The data:
----

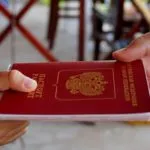 А паспорт за детето - държавен орган (на мястото на подаване на документите) А паспорт за дете - на обществените услуги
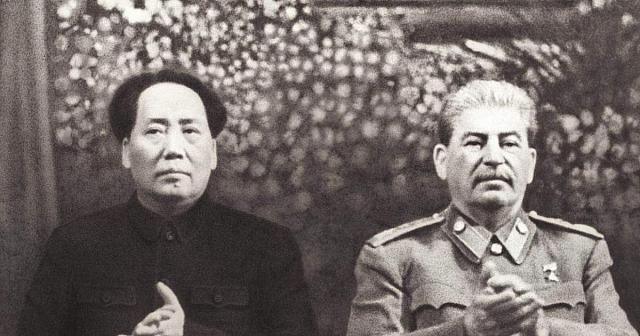 Ο Στάλιν με τον Μάο Τσετούνγκ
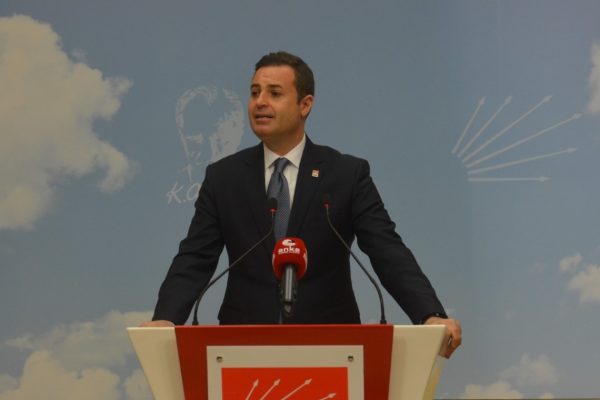 ‘SEÇİM GAZI KAMU VE EMEKLİ MAAŞLARINI DÜŞÜRECEK’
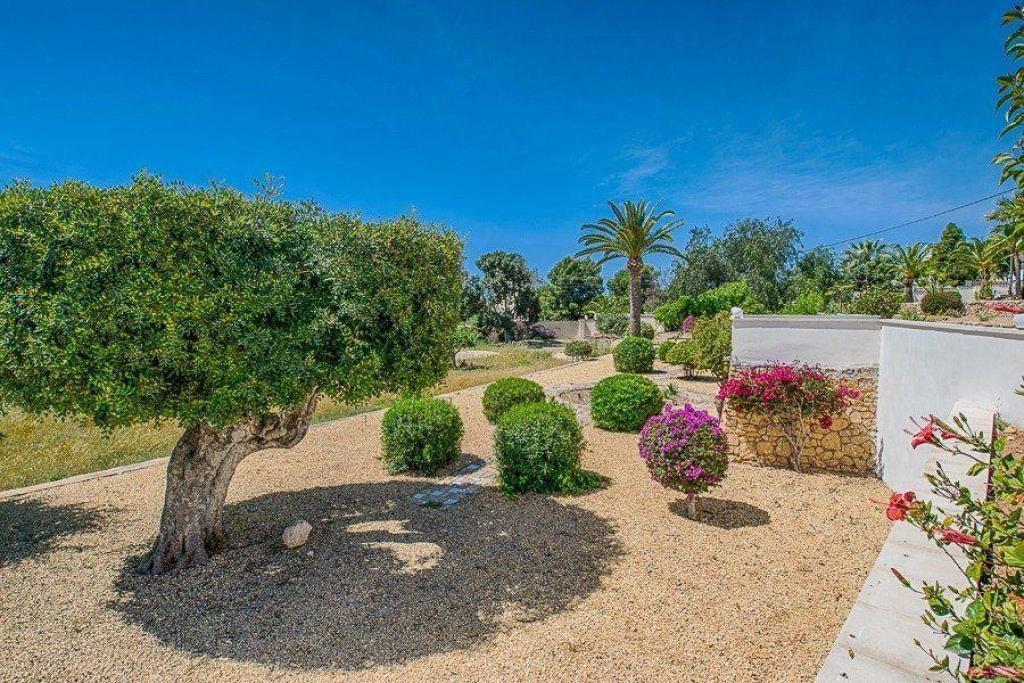 5 bed villa in Altea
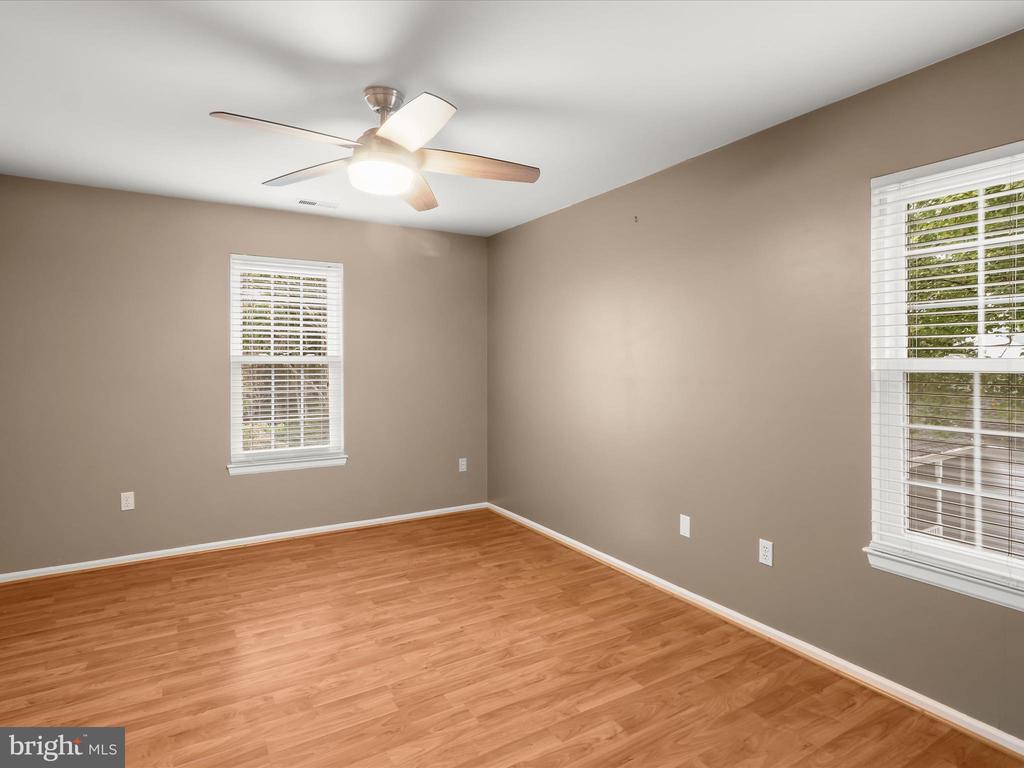 9609 GLEN OAKS LN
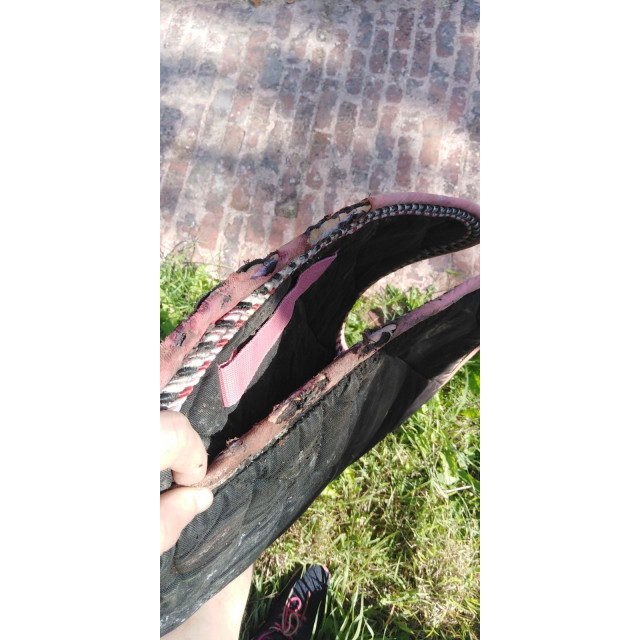 Tapis noir bordure rose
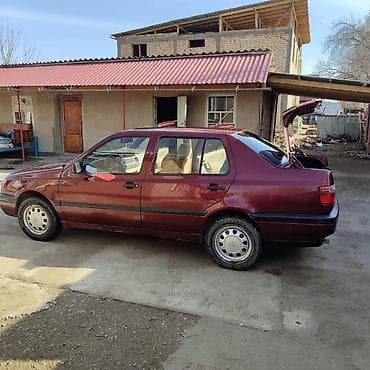 bmw e36: Volkswagen Vento: 1992 г., 1.8 л, Седан — 5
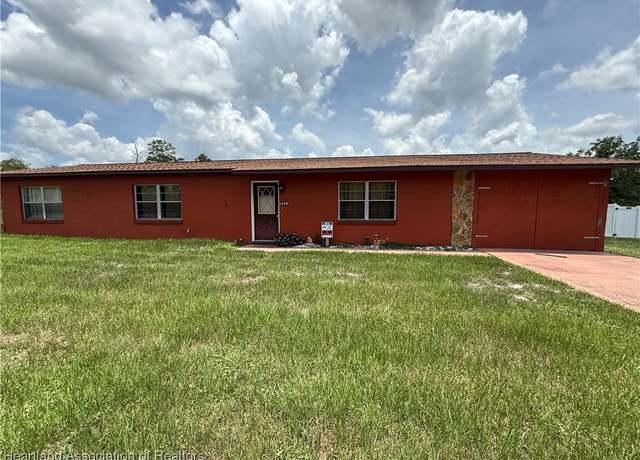 Property at 1478 Kiska St NE, Lake Placid, FL 33852, 3 beds, 2 baths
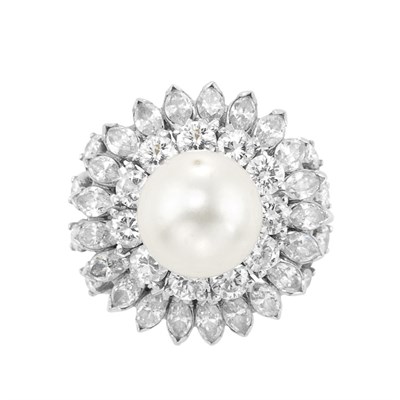 Lot 163 - Cultured Pearl and Diamond Ring
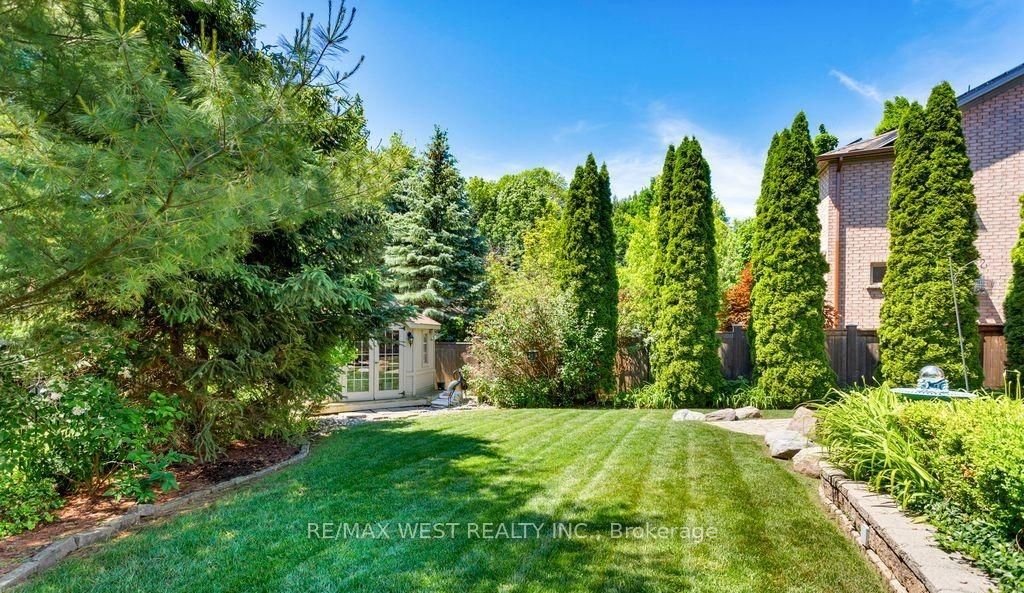 3338 Fox Run Circle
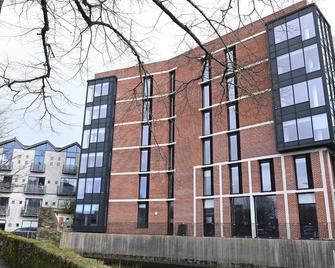 Yugo Explore - Lee Point - Cork - Building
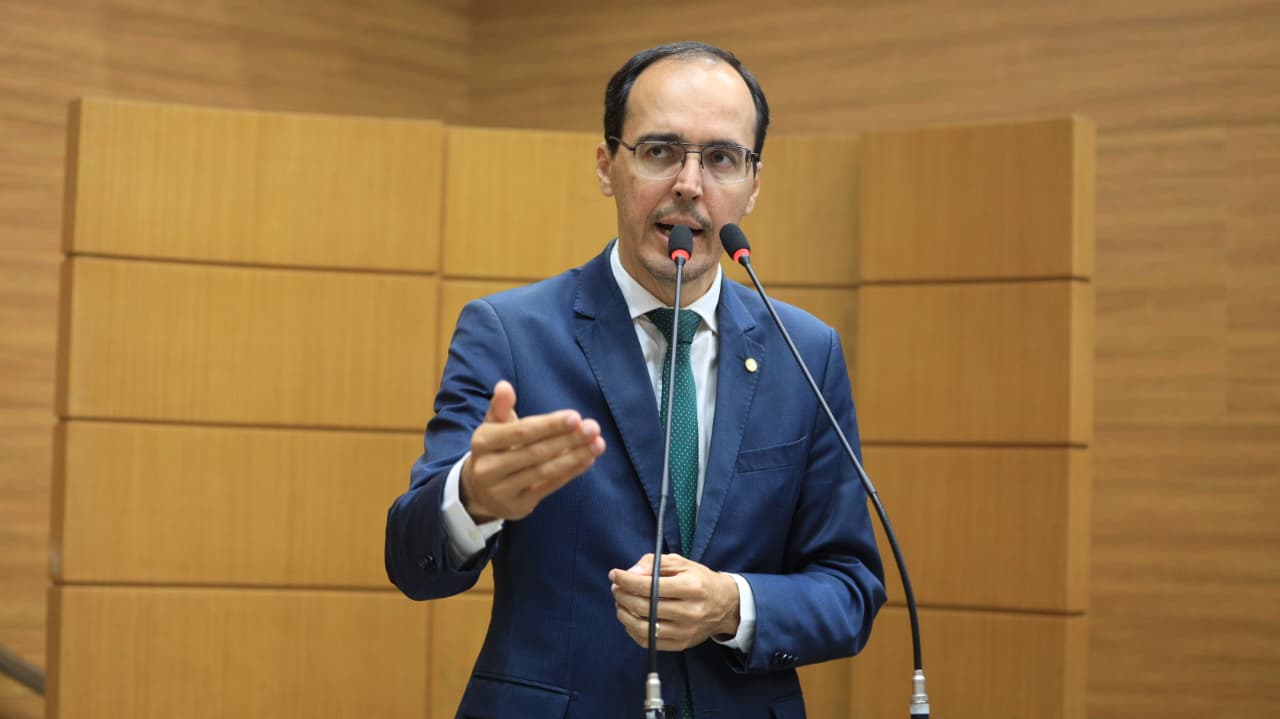 Georgeo Passos homenageia servidores e cobra valorização do funcionalismo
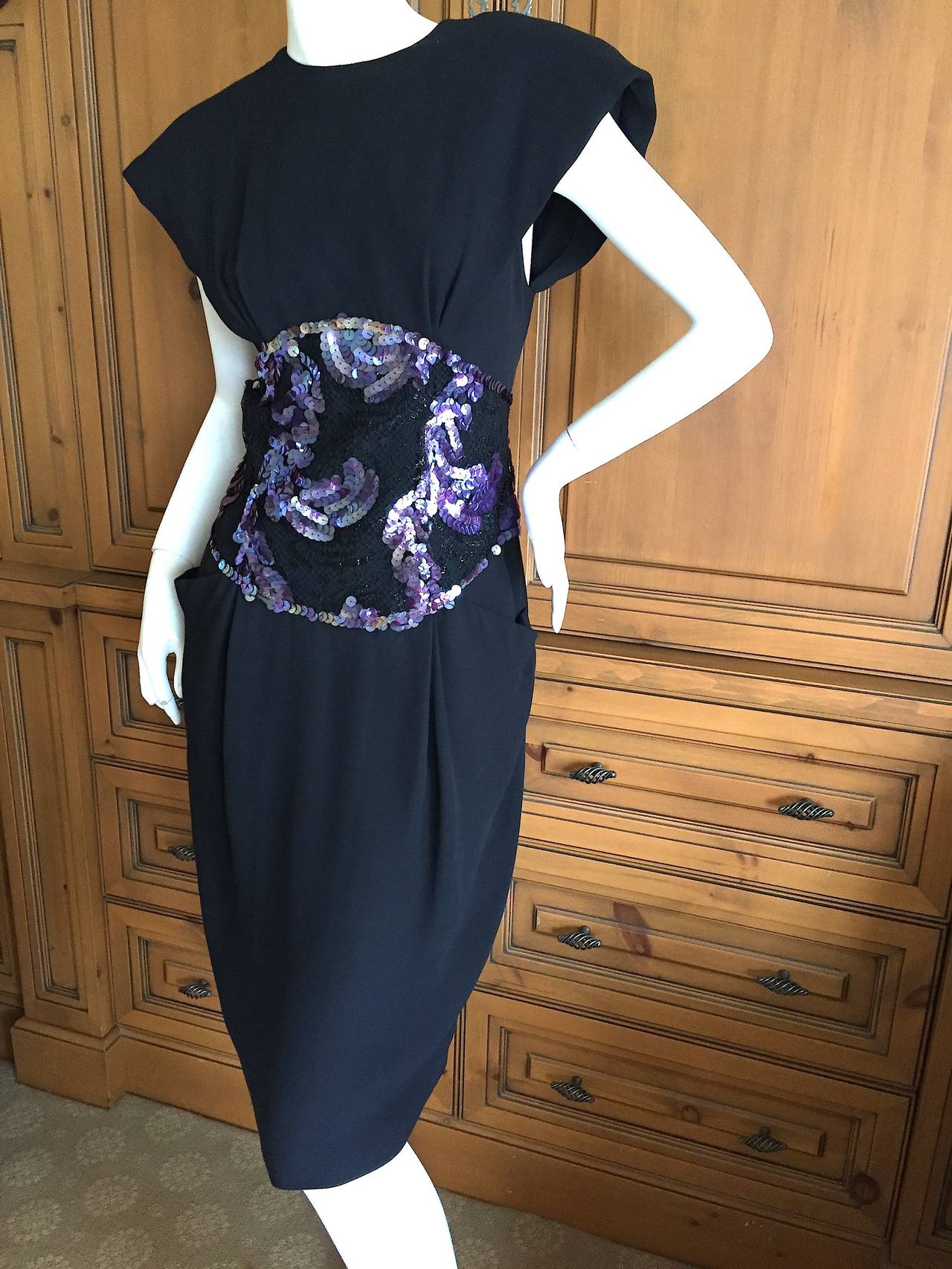 Geoffrey Beene Black Crepe Dress w Sequin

----

Exercise objective: Write out each line of the data above exactly, starting at the top and finishing with the line containing "bmw e36: Volkswagen"; omit the pictures.

Problem solution:
 А паспорт за детето - държавен орган (на мястото на подаване на документите) А паспорт за дете - на обществените услуги
 Ο Στάλιν με τον Μάο Τσετούνγκ
 ‘SEÇİM GAZI KAMU VE EMEKLİ MAAŞLARINI DÜŞÜRECEK’
 5 bed villa in Altea
 9609 GLEN OAKS LN
 Tapis noir bordure rose
 bmw e36: Volkswagen Vento: 1992 г., 1.8 л, Седан — 5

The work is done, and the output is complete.